Oba Femi defeated Dominik Mysterio in a King of the Ring semifinal on June 15, 2026 at the CFG Bank Arena in Baltimore, advancing to the tournament final and one match away from the crown.
The finish left no doubt: after repeated interference attempts and run-ins at ringside, Femi closed the match with his Fall From Grace to pin Mysterio and punch his ticket to the finals. He landed a flurry of running uppercuts that flattened both Mysterio and his Judgment Day teammate before the final sequence that ended the bout.
What made the victory material was how Femi handled outside chaos. Mysterio bailed out of the ring as the bell rang and earlier caught Femi with a cheap baseball slide, but Femi answered in kind—he tossed Mysterio up and over the commentary table and repeatedly cut off anyone who tried to tip the balance. JD McDonagh attempted a cheap shot but Femi grabbed him and forced him away from ringside, and when The Iron Ace climbed onto the apron Femi rocked him and sent him off.
The friction that could have turned the match sideways came from Mysterio’s avoidance tactics. He tried to stay out of harm’s way, relying on interference and a timekeeper’s hammer—he even attempted to use the hammer again—rather than trading blows. That strategy failed; Femi neutralized each outside weapon and still delivered the decisive offensive burst inside the ring.
Femi spoke afterward, staking his case for the tournament in blunt terms: "One...one match away, and then The Ruler will have his crown," he said, later adding, "When it is all said and done, I will be king, and you will just be the man who ran from Oba Femi." Those lines underlined the stakes—this was not simply a win on Raw, it was a claim laid down in front of the WWE audience in Baltimore.
The result settled the left side of the King of the Ring bracket: Femi will face whoever emerges from the other semifinal between Je'Von Evans and Jey Uso.

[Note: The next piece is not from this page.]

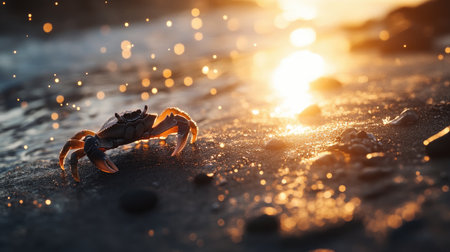 A crab walks along wet sand at sunset, illuminated by golden sunlight. Gentle waves create a serene atmosphere, showcasing nature's beauty.の素材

That match remains the open variable. Evans showed he can change the math in his favor by mounting a comeback with a high cross body block from the top rope—so much so that commentator Corey Graves called him a "part-time resident of the stratosphere." If Evans reaches the final, Femi will meet an opponent whose offense lives above the ring; if Jey Uso wins, the final will instead be a test against veteran ring craft.
Femi’s win in Baltimore answered one immediate question and sharpened the next: he is one match away from being crowned King, but the identity and style of his final opponent will determine whether his raw power and close-quarters finishers are the right tools to complete the run. The King of the Ring final will decide whether Femi’s promise becomes a title—or stays a threat made loud in the moment.